Well, I guess Mark Hibbs isn’t going to be getting a building pass to the VIC.
That VIC, of course, is the Vienna International Center, home to the IAEA. Hibbs has a long piece on the vicious infighting within the IAEA over whether to release information collected by the IAEA documenting alleged weaponization activities by Iran (“Iran plant disclosure may prompt IAEA to focus on weapons data,” Nucleonics Week 50:39, October 1, 2009, pp 1, 12-14).
Although the proximate cause of the fight is one or more of three documents drafted by the Department of Safeguards and disputed by Department of External Relations and Policy Coordination (EXPO), Hibbs details how this particular fight is the culmination of a series of disputes that reflect the profound differences in background, mission and temperament:
In the interest of leadership continuity, some delegates to the IAEA General Conference held last month said that IAEA Director General Mohamed ElBaradei, who leaves the IAEA at the end of November, should raise the Iran weaponization allegations at the November board meeting before he is succeeded by Yukiya Amano, a Japanese diplomat. “If ElBaradei takes the initiative on this it will be easier for Amano to manage it afterwards,” one delegate said.
During preparations by the IAEA and the board for a routine board meeting held last month, sources close to the IAEA said that senior officials in two departments, responsible for verification and diplomacy, respectively, had strongly disagreed over whether data obtained by the IAEA concerning alleged nuclear weaponization activities by Iran is authentic. That disagreement, the sources suggested, prevented the IAEA secretariat from reporting the allegations in detail to the board in September.
Officials at the Department of External Relations and Policy Coordination, or Expo, which is the diplomatic arm of the agency, have raised concerns that evidence may be faked, as Iran has charged.
Both IAEA departments are routinely involved in collective decision making about what the IAEA reports on a quarterly basis to the board of governors about an ongoing investigation into Iran’s nuclear program. That probe was prompted in 2003 by IAEA findings that Iran had repeatedly failed to disclose nuclear activities.
In recent years the two departments have differed about how to handle sensitive allegations that member states have been engaged in activities that would constitute safeguards violations. According to officials from IAEA board member states, these cases included South Korea (NW, 2 Dec. ’04, 12) and, last year, Syria. After the US and Israel in 2008 claimed that Syria had built an undeclared reactor, Expo officials argued that the IAEA had no mandate to request a special inspection in Syria; officials in other departments disagreed (NW, 9 Oct. ’08, 4).

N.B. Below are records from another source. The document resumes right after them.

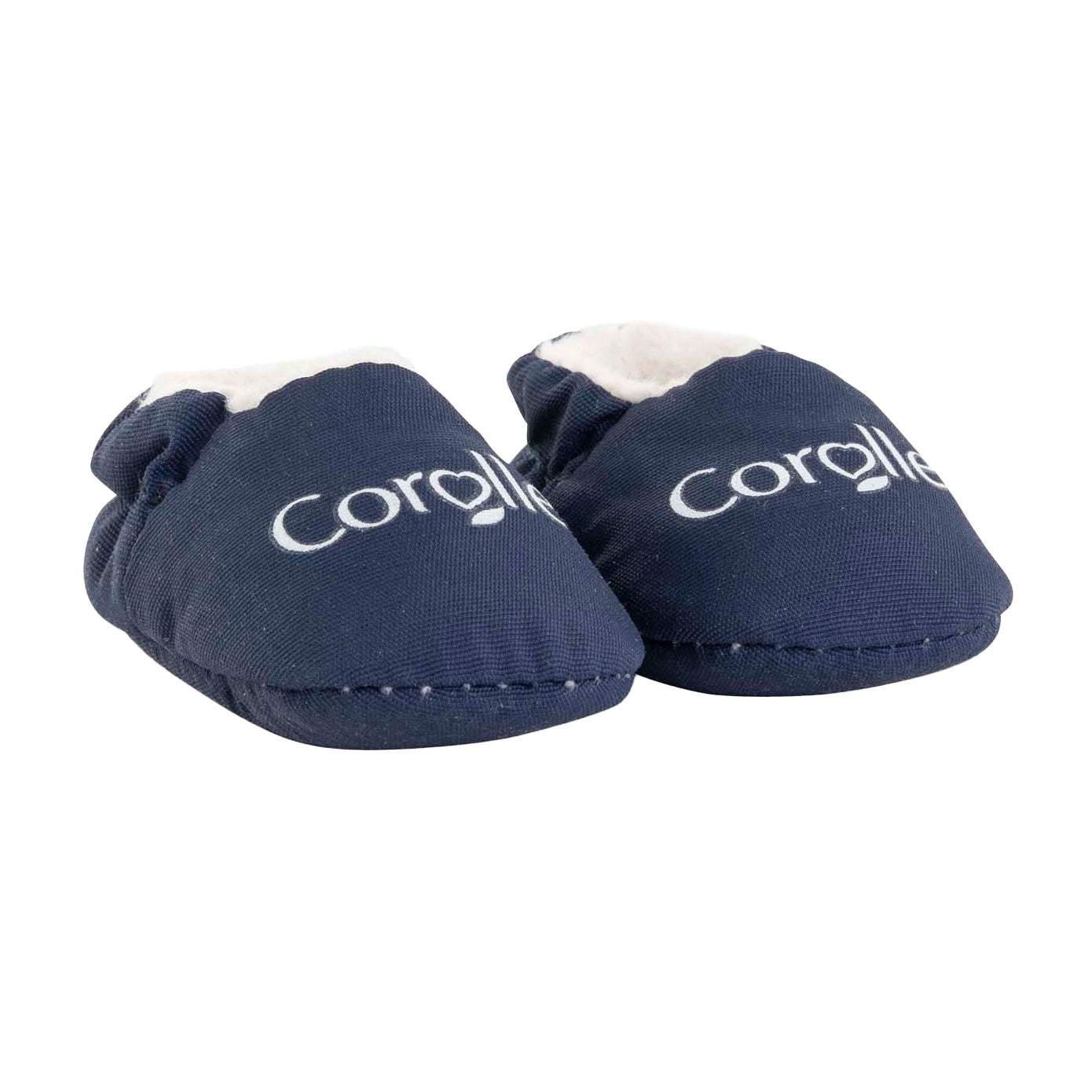 Corolle marineblauwe pantoffels voor babypop 30cm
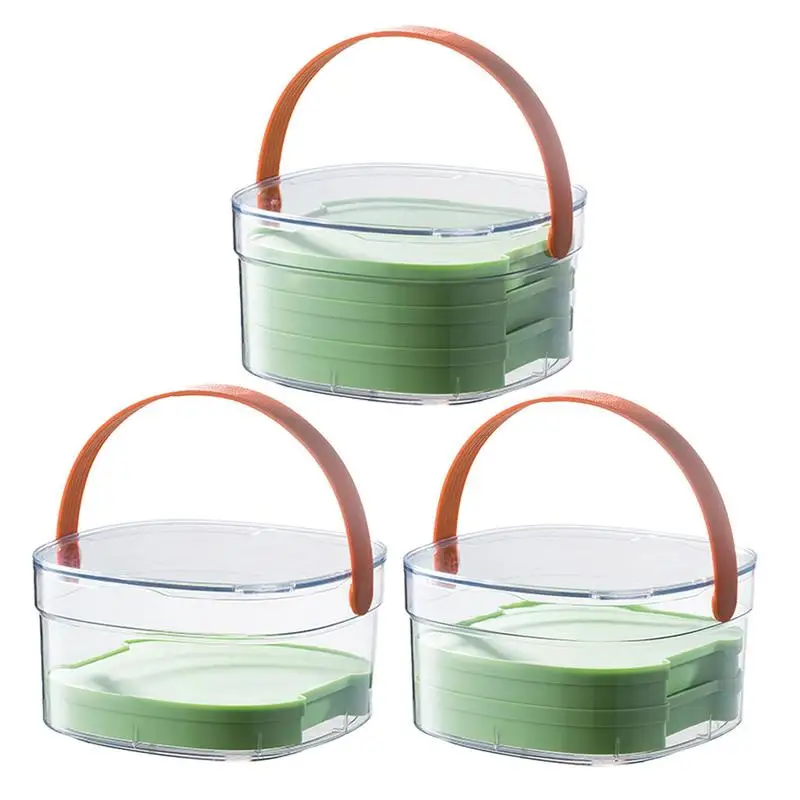 

Ice Cube Tray With Lid And Bin Ice Freezer Container Dual Seal Leak Proof Ice Tray Easy Release Ice Cube Storage Container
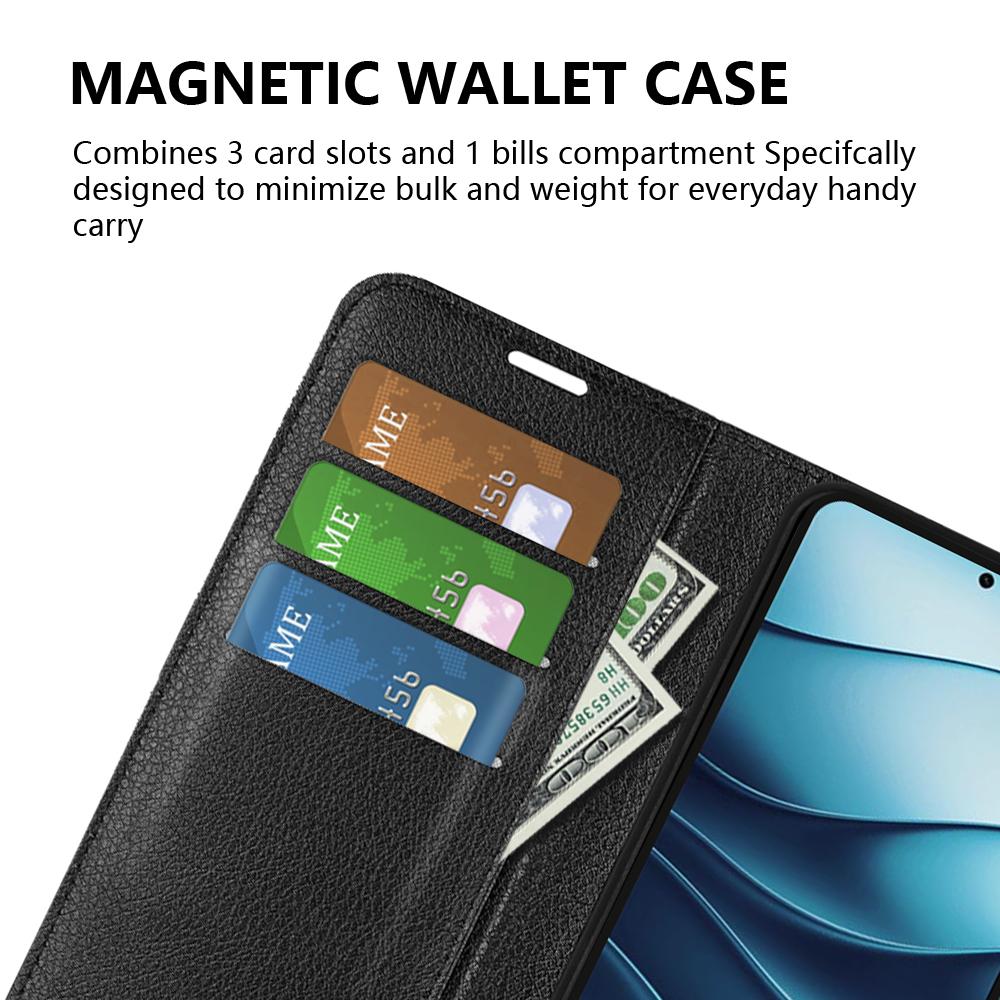 For Xiaomi Redmi Note 14 5G Case Litchi Texture Shockproof Leather Wallet Phone Cover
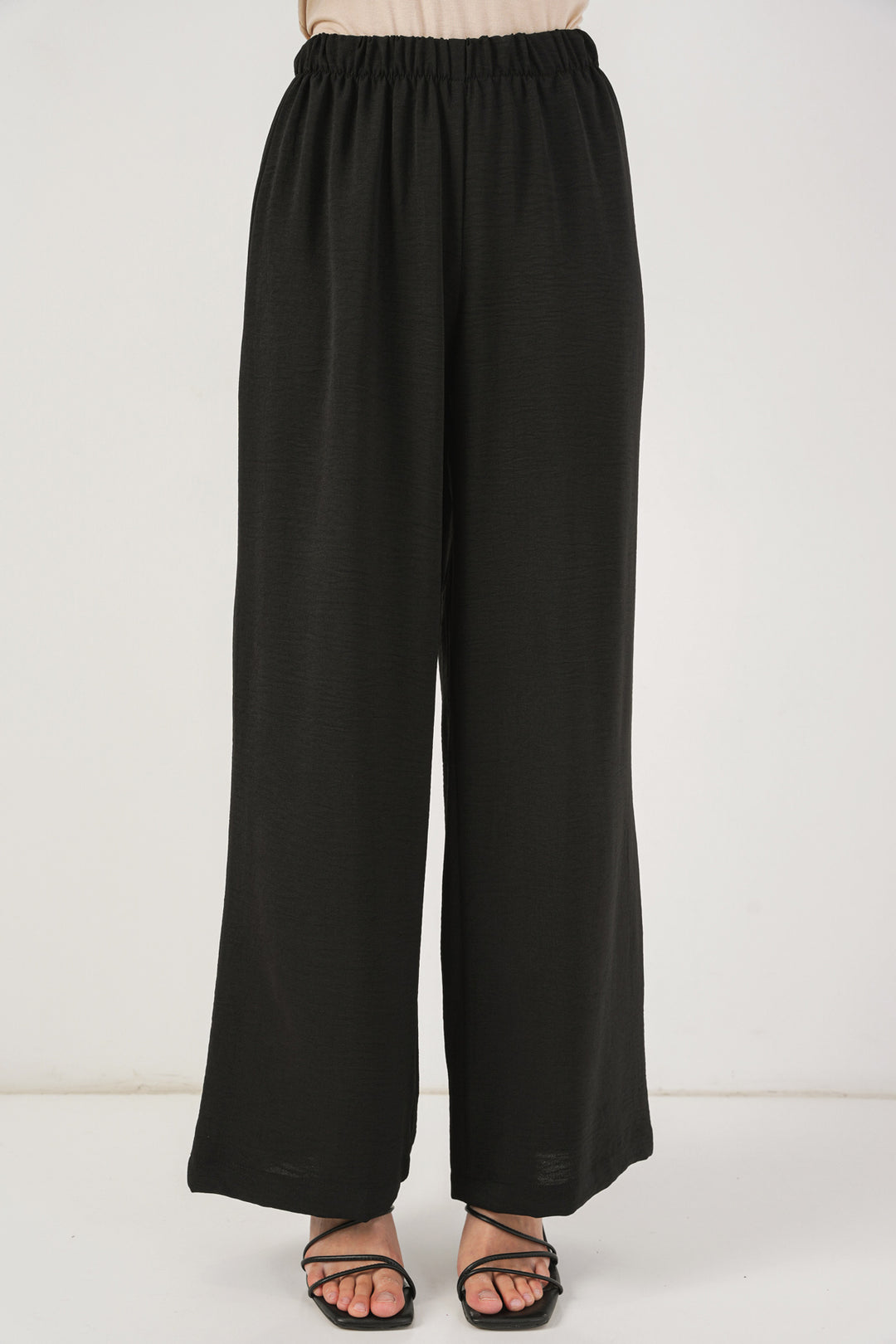 BGD Women Women's Front Lace-Up Tunic Pants Set 6744 - Black - Dovzhansk
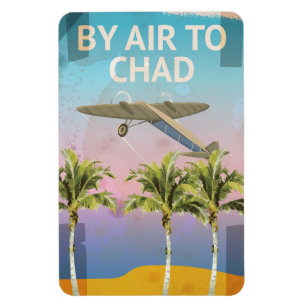 Chad Vintage Travel poster Magnet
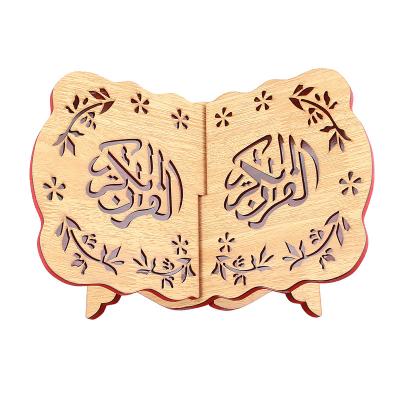 China Rehal Bible Magazine Cookbook Display Muslim Traditional Eid Ramadan Gift Decoupage Foldable Stand for sale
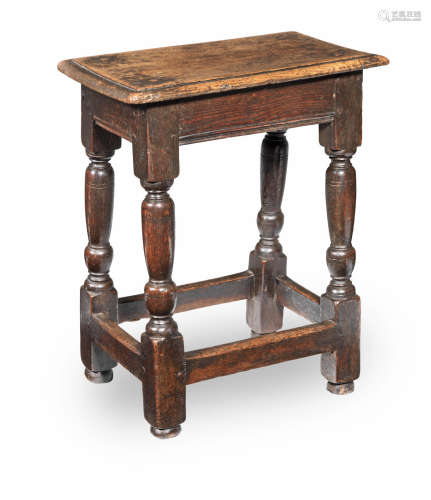 A James I oak joint stool, circa 1615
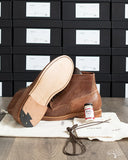Viberg Brown Horsebutt Bobcat Boot comes in a 1035 Last, Dove Tail heel and Natural Leather Sole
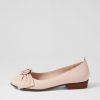 DJANGO & JULIETTE Dell Dusty Pink Leather Ballet Flats | Flats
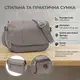 Сумка из натуральной кожи для стильных женщин Vintage 22974 Серый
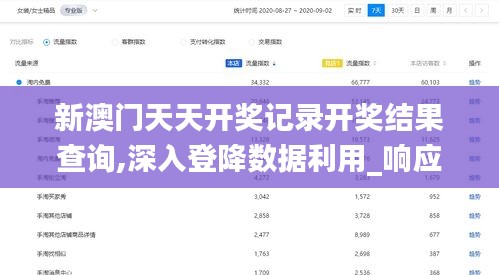 新澳门天天开奖记录开奖结果查询,深入登降数据利用_响应版WVP13.93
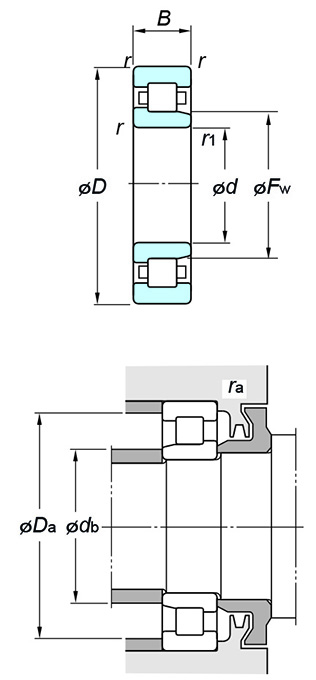KOYO NJ2320 Cylindrical roller bearing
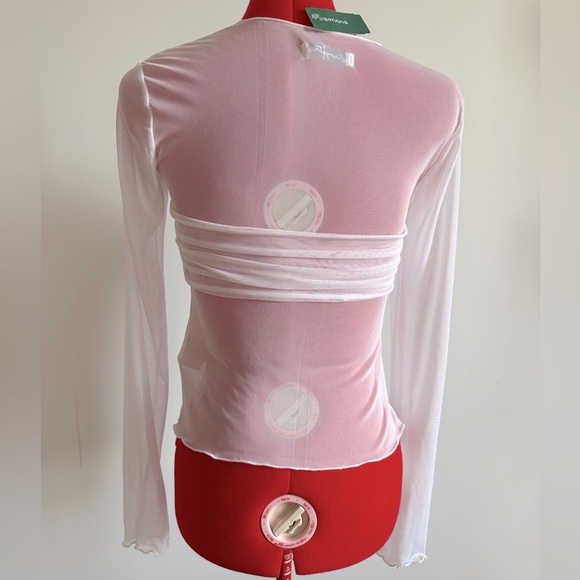 Simons Emory Park Mesh Bustier Top - M BNWT - Picture 3 of 4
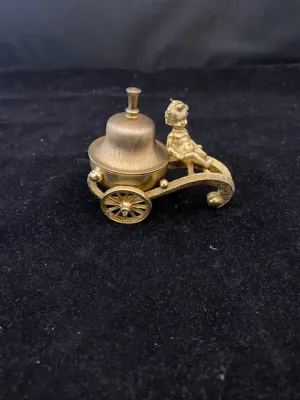 Antique C. 1950s Angel Chariot Bell - $2K APR Value w/ CoA!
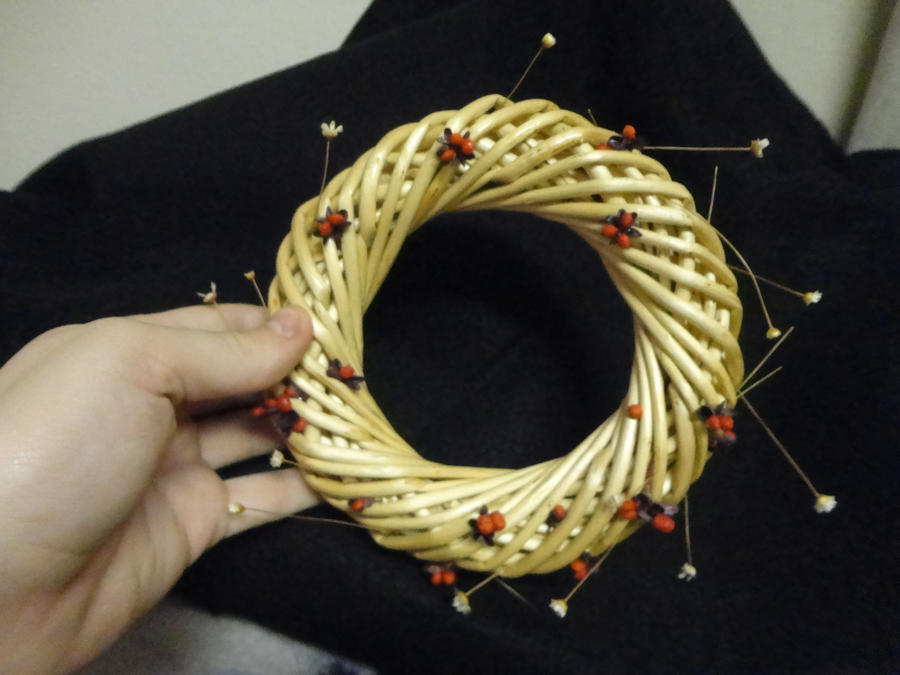 In the Making- Wreath step 2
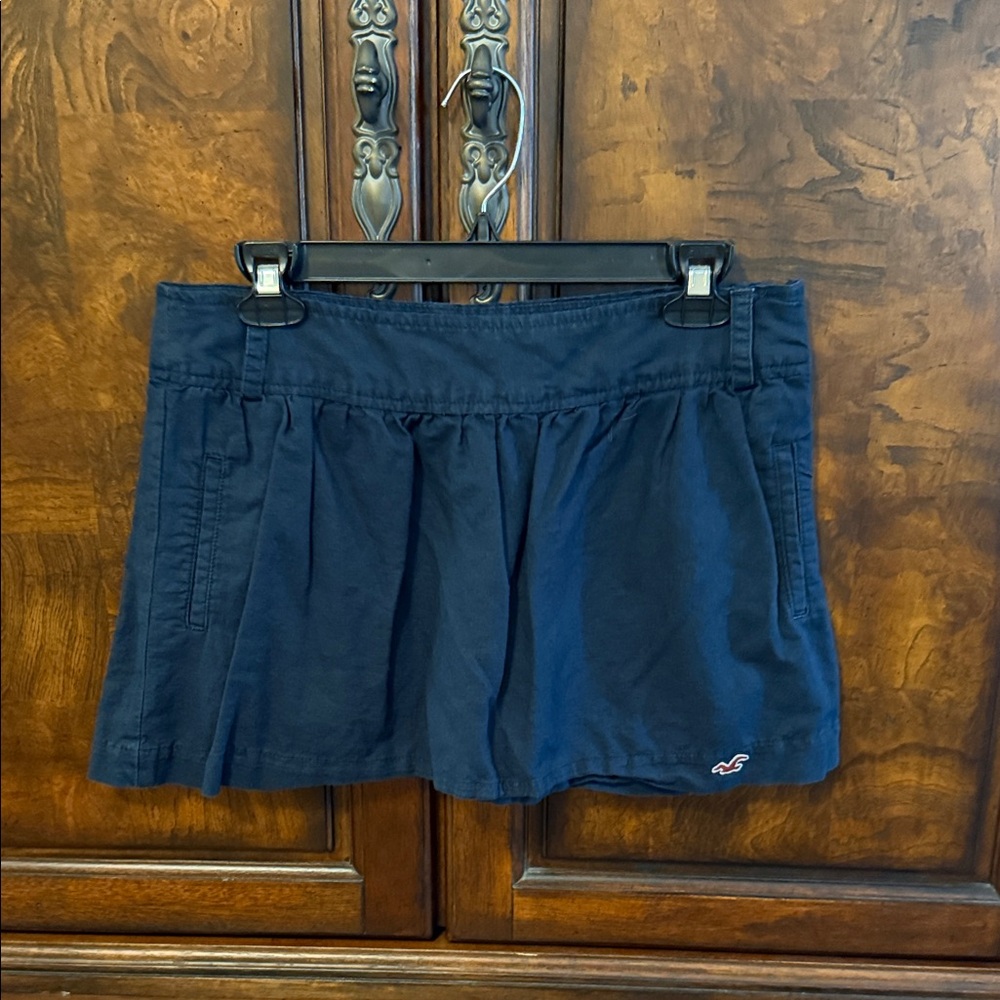 Hollister Dark Blue Mini Skirt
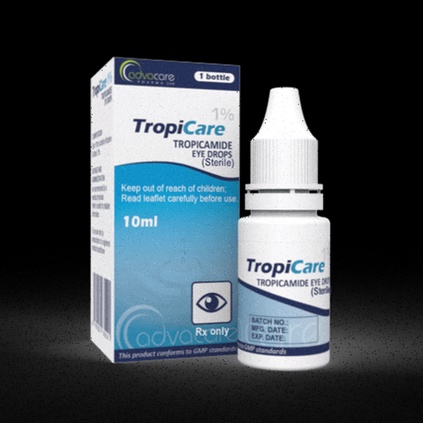 Tropicamide collyre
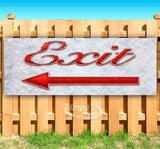 Exit Left Arrow Banner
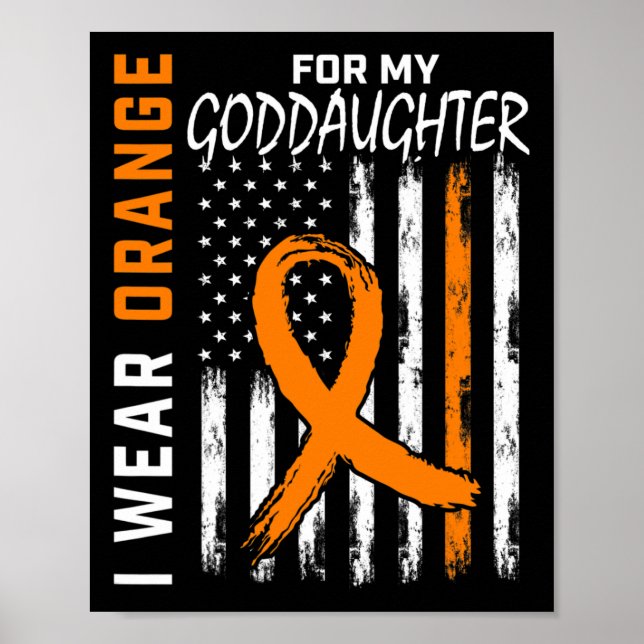 Orange till min guddotter Leukemia Cancer Awarenes Poster (Framsidan)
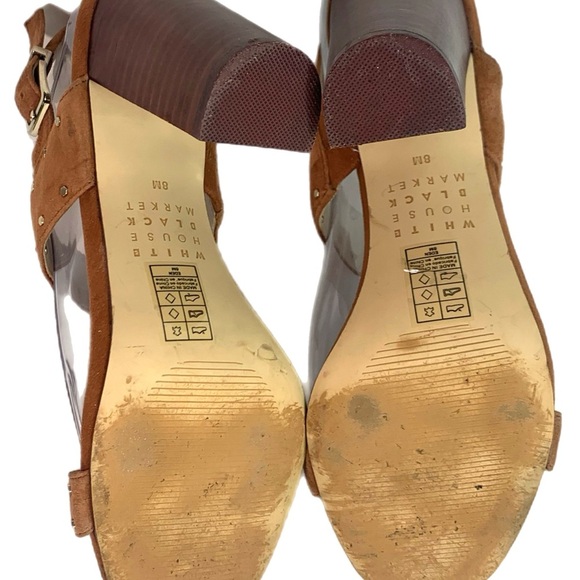 White House Black Market Brown Studded Sandals - Picture 9 of 9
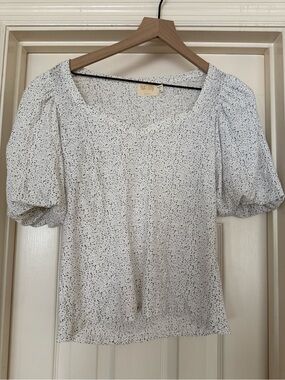 Nation ltd puff sleeve top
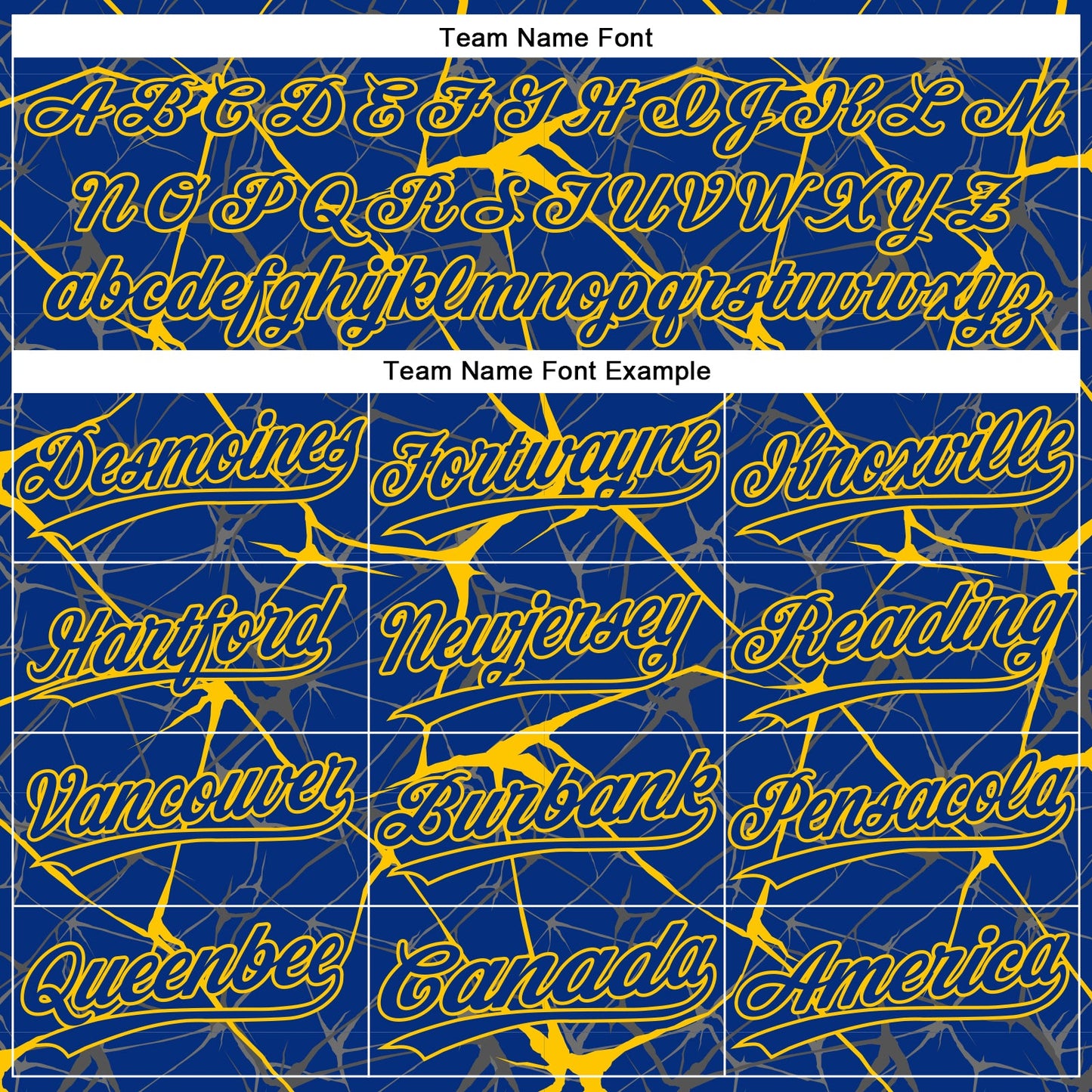 Custom Royal Yellow 3D Pattern Abstract Network Two-Button Unisex Softball Jersey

Since 2003, when the IAEA determined that evidence brought forth by the US suggesting Iraq had resumed nuclear weapons work was fabricated, officials at Expo and at the Office of the Director General have been wary that the US has tried to manipulate the IAEA during its investigation of Iran, according to officials from IAEA states.
Golly, the IAEA can’t enjoy having its linens washed in public.
Safeguards v. EXPO is a little like the Beatles or the Stones, Blur or Oasis, and — where I grew up — Cubs or Cardinals. (For the record: Beatles, Blur, Cubs.) The two bodies are represented by two, um, strong-willed figures: Olli Heinonen, a Finn, and Tariq Rauf, a Pakistani-born Canadian.
On the other hand, this is more serious than normal, healthy sparring. Internal dissension is the predictable result of suppressing information that deeply divides the Agency between Safeguards and EXPO. Having a Director-General with one foot out the door — note that Hibbs reports ElBaradei isn’t back in Vienna until October 5 — doesn’t help, either.
Long knives and leaks
The ongoing war between Safeguards and EXPO is quite nasty. You remember the allegations that Tariq Rauf was a Russian spy? I don’t place any credence in such allegations. I am uncomfortable even mentioning them because they seem so obviously intended to slander by those who bring them up. But the fact is, when you hear cracks about someone being handled from Moscow Centre, you know the long knives are out.
Nasty internal fights also produce lots of leaks.
After the initial rounds of reports by Reuters Louis Charboneau and AP’s George Jahn that a report on Iran’s alleged nuclear weapons experiments “has been sitting in a drawer” at the IAEA “for close to a year,” the IAEA issued a strongly worded rebuttal.
Not long after, a “Vienna-based diplomatic source close to the IAEA” told
Gareth Porter that the “documents … have not met [ElBaradei’s] rigorous standards of evidence.”
Golly, I wonder which side that might be.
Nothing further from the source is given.